Towns Assess Impact Fees on Developers to Fund Infrastructure
If you are buying a home in a new development, your purchase price may reflect fees paid by the developer to fund the paving of the street in front of your house, and other municipal services. The developer may be able to contest such fees, saving you money. Many towns are assessing impact fees on developers to mitigate the additional costs associated with development, considering options for funding new roads, water and sewer facilities, street lighting, schools, and other support structures. Impact fees are typically imposed upon developers or builders at the time the municipality issues a building permit. The fees are then used to finance needed capital improvements and the expansion of existing facilities. In Massachusetts, Home Rule authority under the state constitution as well as state statutes provide the basis for cities and towns to assess fees in connection with the provision of municipal services. Impact fees to pay for such civic enhancements have been held constitutionally valid.
Courts Scrutinize Who Benefits from Impact Fees
Pursuant to Emerson College v. City of Boston, Massachusetts courts apply an impact fee analysis that limits the ability of municipalities to allocate the public infrastructure costs associated with new residential development. In that case, on appeal from a property owner’s protest at being charged a fee by the City of Boston for enhanced fire protection, the Supreme Judicial Court of Massachusetts struck down the impact fee, ruling that it was not voluntary and provided no particularized benefit to the payer of the fee. In the 20 years since Emerson College, Massachusetts courts have continued to strike down these fees.

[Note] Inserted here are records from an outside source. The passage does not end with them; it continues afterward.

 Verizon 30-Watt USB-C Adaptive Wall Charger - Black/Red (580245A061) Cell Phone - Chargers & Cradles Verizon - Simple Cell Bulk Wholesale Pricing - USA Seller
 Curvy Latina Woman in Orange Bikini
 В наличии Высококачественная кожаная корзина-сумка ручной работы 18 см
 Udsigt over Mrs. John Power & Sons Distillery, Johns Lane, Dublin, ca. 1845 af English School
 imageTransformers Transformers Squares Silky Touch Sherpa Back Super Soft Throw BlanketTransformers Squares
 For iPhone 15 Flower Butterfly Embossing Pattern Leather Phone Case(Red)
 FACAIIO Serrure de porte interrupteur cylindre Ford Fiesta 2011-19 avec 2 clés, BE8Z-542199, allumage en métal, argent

In the case of Greater Franklin Developers Association v. Town of Franklin, the Appeals Court considered the developers’ challenge to a “school impact fee” charged to them when they applied for permits to start construction on a new residential project. The Town of Franklin asked the court to find that the need for additional classroom space was directly related to projected growth. The court declined to do so, finding instead that the Town’s argument failed the Emerson College test, since the “benefit of expanded school facilities is not particularized to the fee payers” but enhances “the entire community.”